If you would like more control over your energy costs, want to add value to your home and get a solid return on your investment, then you owe it to yourself to look into a home solar power system. One of the many steps in moving towards a solar system for your home is deciding if you should purchase or lease the system. Here is what you need to consider when deciding to purchase or lease a solar power system.

Option 1: Purchasing the System

1. You need a good sunny spot on your roof(s) that stays shade free from 9AM – 3PMon most days but for sure May through October.

2. The amount of (square feet) roof sunny space needs to fit enough panels to reduce your utility consumption by at least 50%. This is something that needs to be calculated in a study on your home. Good vendors will predict conservative annual system generation and not over promise.

3. You are paying in cash, financing via the PACE program or a low-interest loan and the Federal 30% Tax Credit is still in place (reducing in steps to 2023).

4. If your roof covering is good to go for the next 20 years, then all these factors will bring the shortest payoff, the best return on your investment (ROI), and free solar electricity after 5-8 years if you live in competitive market areas.
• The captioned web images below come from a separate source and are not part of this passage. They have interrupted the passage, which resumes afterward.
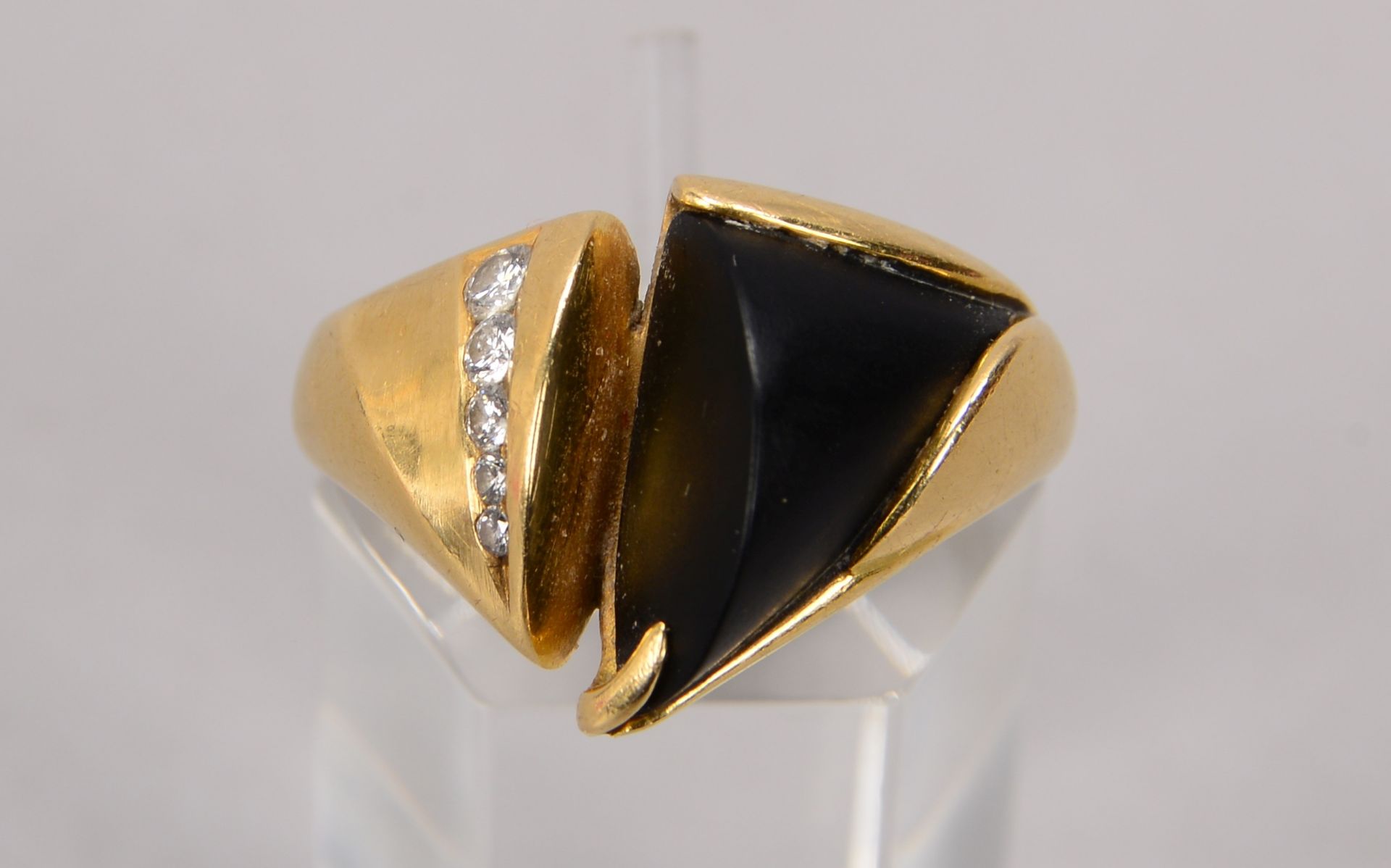 Ring (Goldschmiedearbeit), 750 GG, besetzt mit einzelnem mattiertem Onyx, sowie mit 5x kleinen Brill - Image 2 of 2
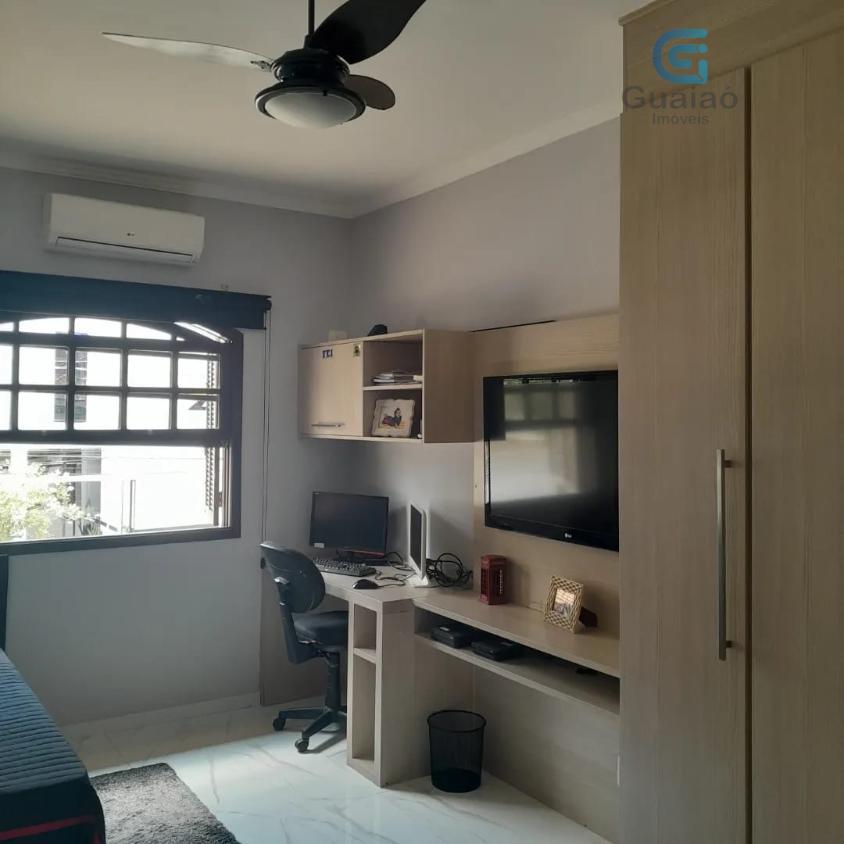 Casa, 3 quartos, 205 m² - Foto 18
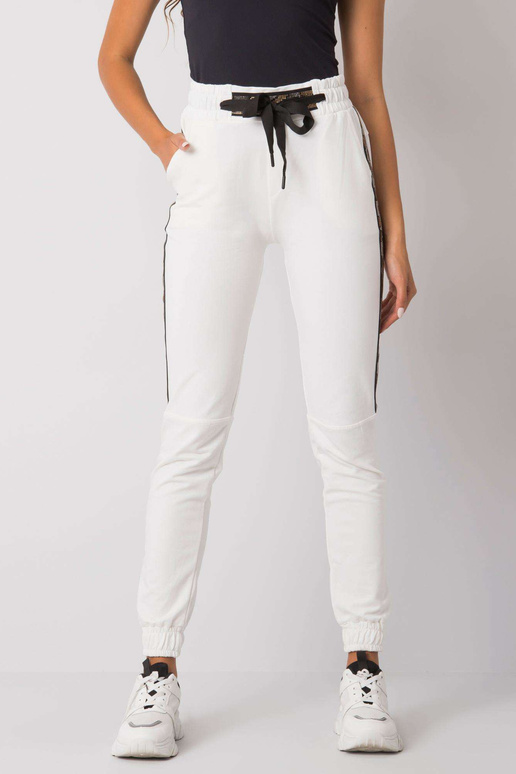 Ecru sporta bikses ar Giulia aplikāciju Ecru sporta bikses ar Giulia aplikāciju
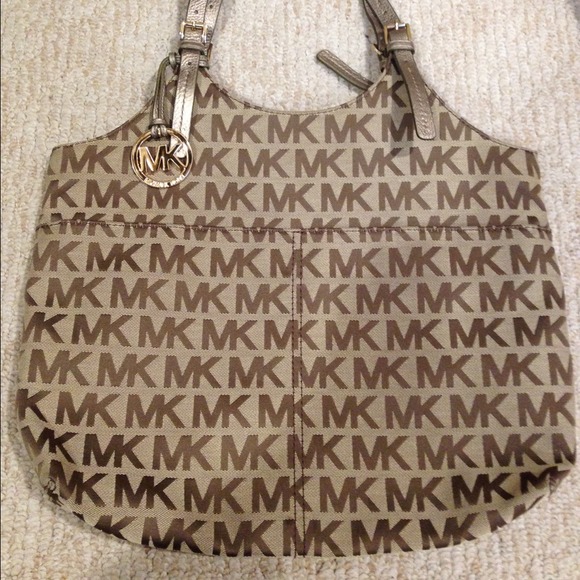 💔sold💔 Michael Kors signature leather handle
That equals 12-15 years of free solar electricity!

Similar results can be reached with a ground mounted or carport system that also checks off the above four factors.

(You will still be charged by the utility company for electric delivery fees, taxes, access to the grid, and any power you still draw from them.)

Option 2:  Leasing a Solar System

1. Being shade free from 9am-3pm and a viable roof will still be desired by your vendor with some wiggle room depending on the vendor.

2. You won’t own the system so no Federal Tax Credit. The vendor should present the percentage of bill reduction they are offering you via a maximum and a minimum design accompanied by a 20-year lease payment schedule for each. From there, you can decide which design best fits your budget.

3. The primary result of leasing is an immediate reduction in what you pay your utility company with zero cash outlay. Watch for payment escalators built into your lease schedule before you commit. A good lease ensures that you pay less for your solar lease and your utility charges combined than what you would be paying without the solar system, in every year of the lease. The vendor must also have stated production and workmanship guarantees and warranties. 

When a solar system is properly sized based on your energy profile, site conditions and financial goals, you will save money. How soon varies from project to project due to the factors outlined above.